The people were equally triumphant in many other towns.  In Beauprieu, Coron, Chatillon, and other places, the collection of conscripts was opposed successfully, and generally speaking, without much bloodshed.  In Coron, the military fired on the people, and killed three or four of them, but were ultimately driven out, In Beauprieu, they gave up their arms at once, and marched out of the place.  In Chatillon, they attempted to defend the barracks, but they found, when too late, that they had not a single day’s provisions; and as the townspeople also knew this, they were at no pains to besiege the stronghold of the soldiers.  They knew that twenty-four hours would starve them out.  As it was, the lieutenant in command gave up, half an hour after his usual dinner time.

These things all occurred within a week of the revolt at St. Florent.  Beauprieu and Chatillon were carried on the Wednesday.  Coron was victorious on the Thursday; and on the Friday following, a strong detachment of soldiers marched out of Cholet, of their own accord, without attempting to collect their portion of the levy, and crossed the river Loire, at the Pont de Ce, thus retreating from La Vendee.

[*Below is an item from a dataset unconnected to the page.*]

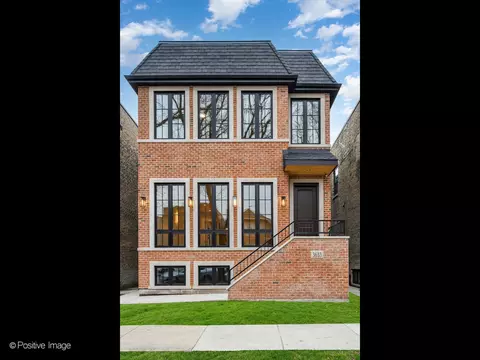 3633 N Claremont Ave, Chicago, IL 60618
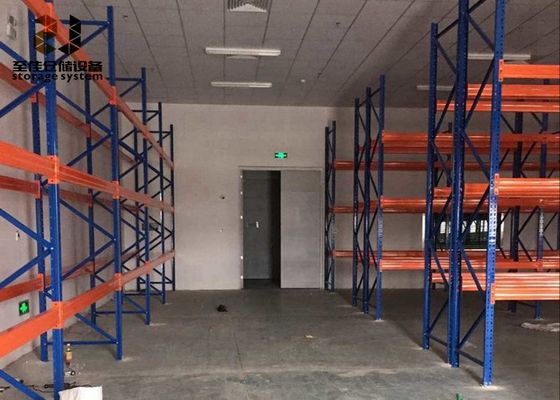 1000-4500 kg/paletę Twarde półki magazynowe wieloetapowe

These triumphs inspired the insurgents with high hopes of future victories; they gave them the prestige of success, made them confident in the hour of battle, and taught them by degrees to bear, undaunted, the fire of their enemies.  The officers of the Republic were most injudicious in allowing their enemies to gather head as they did; had they brought a really formidable force of men, in one body, into the province of Anjou, immediately upon the revolt of St. Florent, they might doubtless have driven the Vendeans, who were then unarmed and undisciplined, back to their farms; but they affected to despise them, they neglected to take vigorous measures, till the whole country was in arms; and they then found that all the available force which they were enabled to collect, was insufficient to quell the spirit, or daunt the patriotism of the revolted provinces.